学生たちの就活にも「就活格差」が出ています。内定をいくつも取る「内定長者」の学生と、まったく内定を取れない「無い内定」の学生の2極化がますます進んでいるのです。環境の変化により企業はますます厳選採用をしていて、実際、求めている人材のレベルも上がっています。

企業が欲しがる学生のパターンはどこも似たり寄ったりで、一部の学生に内定が集中してしまう現実が存在します。その割合は勝ち組が2~3割で、負け組が7~8割になっているといいます。この学生の格差拡大の傾向が年々強まっているようです。どうしてこのような状況が生じているのでしょうか。

マニュアルでは対処できない

結局のところ、どんな業界も学生に求めるのは「机を並べて一緒に仕事ができそうか」、「マジメに働いてくれそうか」といった点なのです。一言で表すなら「コミュニケーション能力がある学生」かということです。

しかし、残念ながら今の学生の多くはこれが未熟な傾向があります。その背景として考えられるのが、学生の「就活マシン化」です。それは、エントリーシートの書き方や面接対策を徹底的に研究し、就活をマニュアルで乗り切ろうというもので、ここ数年の就活生の王道スタイルとなっていました。

ですが、最近になり企業側も手を打ち始めてきたのです。最近、学生を見極めるために、企業側が面接の方法を変えてきています。なかでも多かったのが、学生に質問をさせる逆質問面接や、これといった正解のない本質を問う質問をするというものです。

例えば今年、ある大手化学メーカーの面接では「原発問題をどう思うか?」といった質問がありました。ほかには「47都道府県から、どこかをはずすとしたらどこを選ぶか?」といったものもありました。

マニュアルにない答えができるか

こうした質問はマニュアル的な回答では乗りきれません。学生自身がその場で考え、答えることを求められるので、メッキがはがれてしまうのです。そもそも企業が求める「コミュニケーション能力」は、その学生の人間性を問うものであって、なんらかの対策で身につくものではありません。

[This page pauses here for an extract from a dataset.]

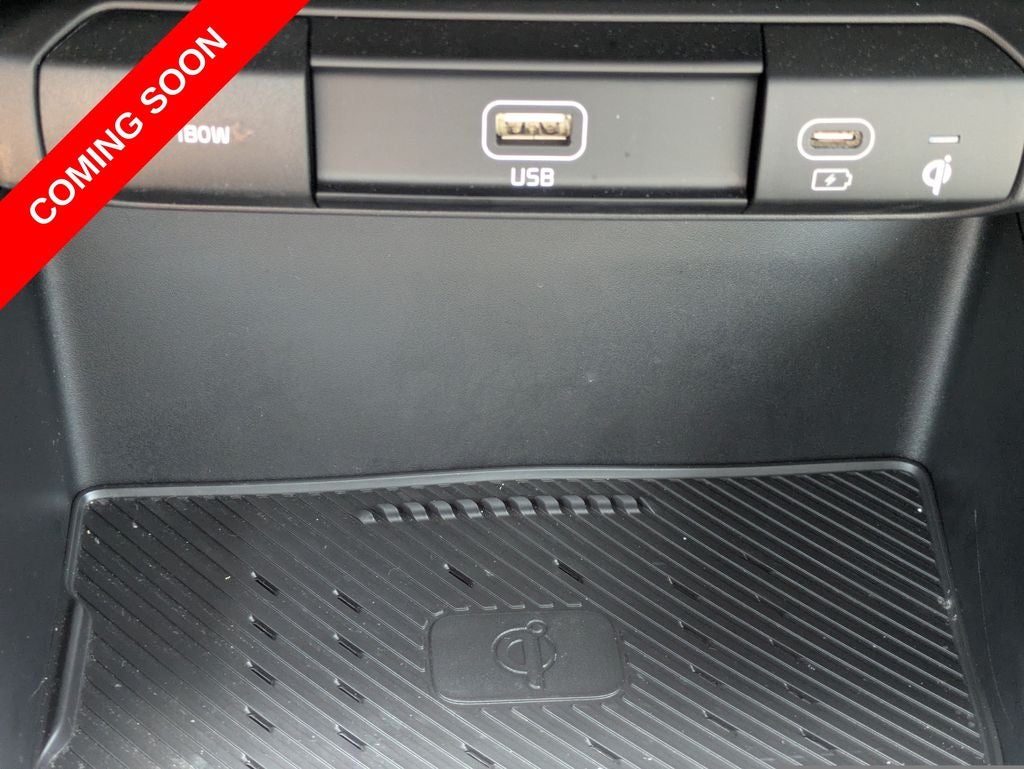 2024 Kia Niro EX Touring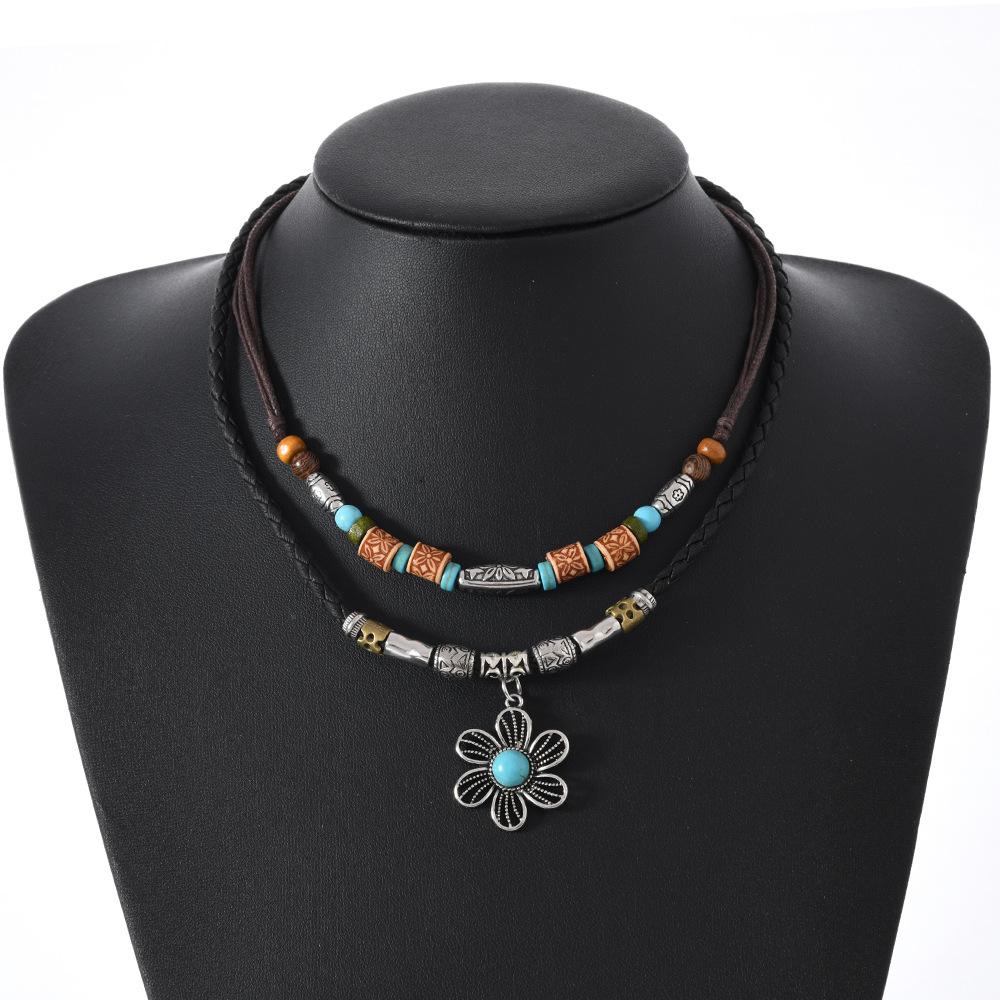 Butterfly-shaped Wooden Beaded Double-layer Necklace, Women's Retro-style Woven Rope Collarbone Chain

今の学生は「自己PRを」と言われると自分のいいところばかりを演説してしまいます。売り手のニーズを考えずに、自社の宣伝ばかりをする営業マンではいつの日か切られてしまいそうです。

「就活マニュアル本」は自己分析の大切さを説きますが、そこばかりにとらわれ、自己分析すればするほど、片手落ちになりがちです。皮肉なことに、就活対策に熱心な「就活エリート」ほど、内定から遠ざかってしまうという事態が起きているのです。